Developers want to erect residential towers connected by a bike-pedestrian bridge over France Avenue as part of a plan to remake a busy Edina intersection.
The Crossroads Project — submitted to the city Tuesday and expected to cost more than $100 million — proposes a 19-floor residential tower on the small surface parking lot at the northwest corner of the Centennial Shops retail center at France Avenue S. and Gallagher Drive. Two dated office buildings kitty-corner across France also would be demolished for a 14-floor residential tower as well as a U-shaped apartment complex of varying heights.
The development is the latest suburban project to push the envelope for how tall buildings should be.

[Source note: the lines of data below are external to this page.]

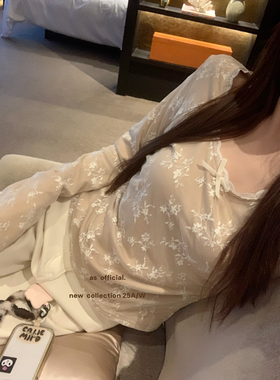 AS OFFICIAL秋冬法式绝美纯欲风叠穿蕾丝磨毛小衫打底上衣女26005
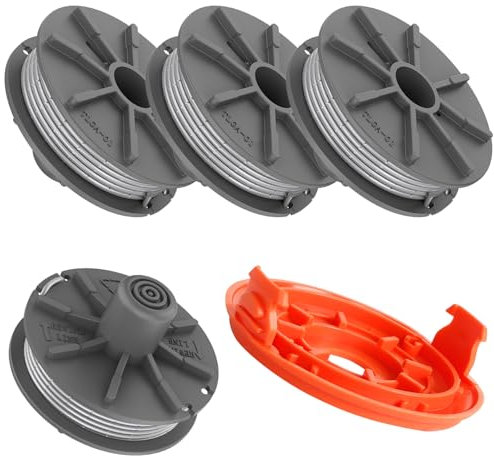 Rasentrimmerspule für Gardena, Ersatzfadenspule 5307-20 für Gardena Trimmer mit 05344-20 Ersatzkappe, kompatibel mit Easycut 400 Art.8846, ComfortCut450 Art.8847 (Spule*4+Kappen*1)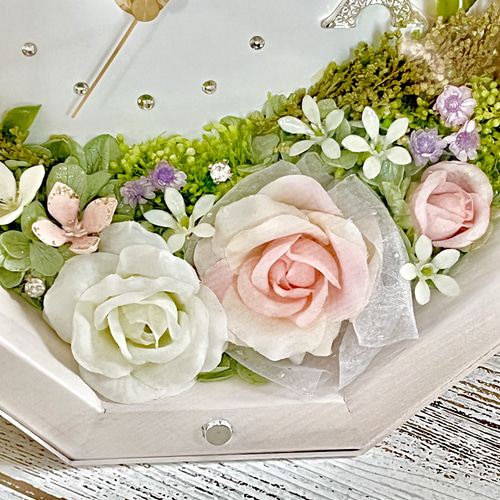 八角フラワー時計＊エッフェル塔 アンティークホワイト 花時計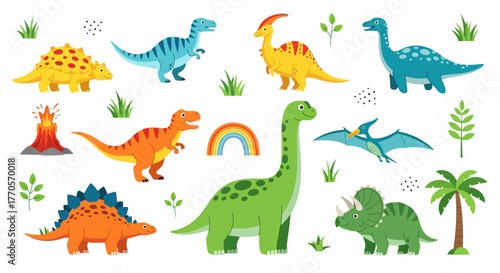 A vibrant collection of cartoon dinosaurs, palm trees, and a volcano, showcasing prehistoric life and a colorful rainbow for a fun, educational theme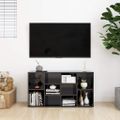 vidaXL Lavica na topánky lesklá čierna 103x30x55cm drevotrieska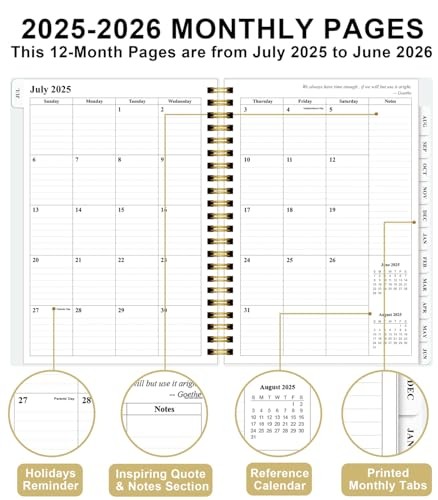 Planner 2025-2026 - Weekly & Monthly Planner from July 2025 to June 2026, gallery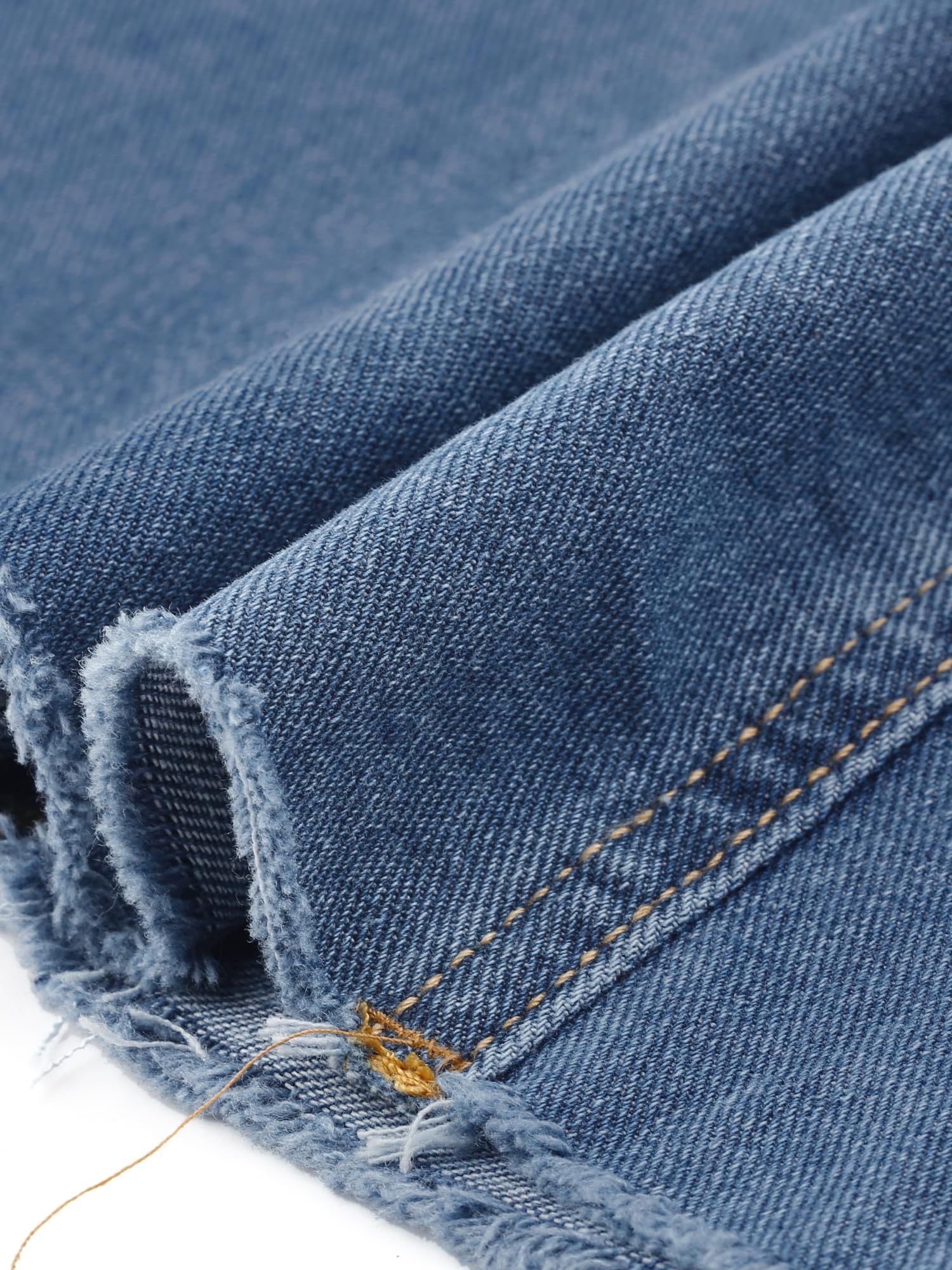 Allegra K Femme Jupe Longue en Jean Taille Haute Trapèze Coutures Été | Coupe Évasée Ourlet Effiloché Poches Patch Automne 2026 Usage Quotidien Décontracté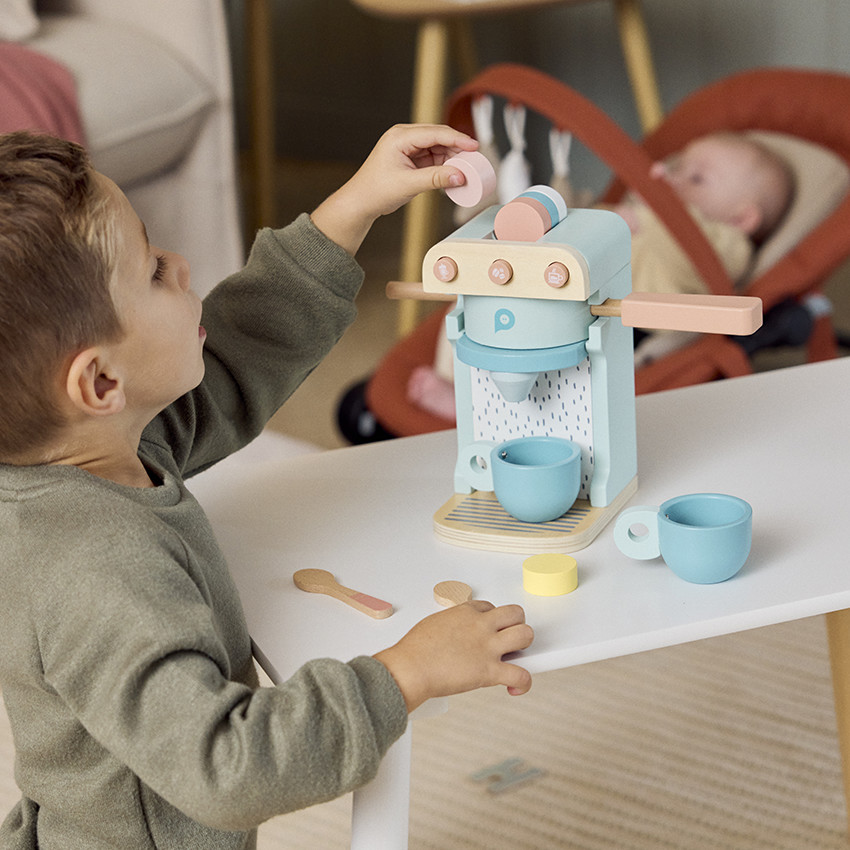 Cafetière avec 2 tasses en bois - Crazy colors 2.0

Last month, another Edina project — condo towers across from the Galleria and Southdale shopping centers — received a lukewarm response.
“We’re going to have to figure out as our town grows now vertically … what’s going to be appropriate and in what particular locations you would even consider it,” said Edina Mayor Jim Hovland in an interview.
Hovland said he remained guarded about the Crossroads Project and noted that its height would need to be heavily discussed, but he offered preliminary praise for the developers’ vision.
“You have the practical ability to move people safely across the road in a nonmotorized way plus it has the ability to be something aesthetically pleasing and really iconic in the sense of defining your town like a small version of the [Spoonbridge and Cherry at the Minneapolis Sculpture Garden] or the arch in St. Louis,” he said.
If approved, the project would provide a missing link to the Nine Mile Creek Regional Trail, which when completed will stretch about 15 miles from Hopkins to Bloomington. Right now, people must cross several lanes of traffic on France.
The Crossroads piece would be fully incorporated into the building design, a move that could be one of a kind, said Dean Dovolis, principal at DJR Architecture, which created the master plan for the development.
“There is nothing else similar to this project being proposed out there,” Dovolis said.
He said he believed the development could provide a similar “civic meeting point” for residents as the High Line elevated public park in New York City.
Renderings show that the towers could be connected by a cable-suspended bridge made of wooden planks, but the exact design and materials of the bridge are still to be determined.
The Three Rivers Park District, which manages the trail, is reviewing the feasibility of the bridge, said Jonathan Vlaming, associate superintendent for the Park District. The Park District received the plans Tuesday as well.
“I think the developers are very creative, and it’s an interesting concept, but we do need to take a look at the engineering of it,” Vlaming said.
Several years ago, the city received a federal highway grant of more than $1 million for a pedestrian bridge over France Avenue, but planners instead used the money to improve crossings at several France intersections.
Right now, the France crossing is “a viable, safe crossing,” Vlaming said.
The largest gap in the Nine Mile trail has been through Edina, but the 7-mile stretch through the city should be completed by next summer.
As part of the city’s street reconstruction plans, the trail is being built from Fred Richards Park going east to the existing paved trail at Gallagher Drive. Work is also going on to complete another bridge over Crosstown Hwy. 62 at Bredesen Park. The trail’s pedestrian and bike bridge that crosses over Hwy. 100 north of Interstate 494 was finished last fall.
“It does a really good job of bridging the east to the west,” said Terry Minarik, principal at landscape architecture firm Confluence, which is working on the project. “I think this pedestrian access by overpassing the roadway makes a more direct connection.”
In all, the Crossroads development likely would take about five years to complete and would be done in phases. Michigan-based Ramco-Gershenson Properties Trust, which owns Centennial Shops, and New York-based EG Capital, which owns the office buildings, agreed to work together to create the project.
“For a center like ours, we can only see a great future in it,” said Carol Dooney, vice president of development for Ramco.
Jamie Stolpestad, principal at EG Capital, said the residential buildings would help diversify the housing stock of Edina, which consists mostly of single-family houses. “You have to bring height if you want more amenities,” he said.
It still hasn’t been decided if the two towers would have apartment units, condos or a mix of both.
The smaller, U-shaped complex would have 121 to 164 rental units and 39,000 square feet for commercial use, with a focus on wellness and preventive health. The adjacent tower at 7250 France Av. S. would offer 145 to 170 units and 13,500 of retail space. Both buildings would have two levels of underground parking.
At the Centennial Shops site, there would be three levels of underground parking for the 19-story building.
“I think the legacy will be showing how density is livable in our community,” said Aron Johnson, DJR project manager on Crossroads.
Developers hope to discuss the project at the July 26 Planning Commission meeting and then the Aug. 2 City Council meeting. The bridge component also would need approval from the Three Rivers Park District and the Minnesota Department of Transportation.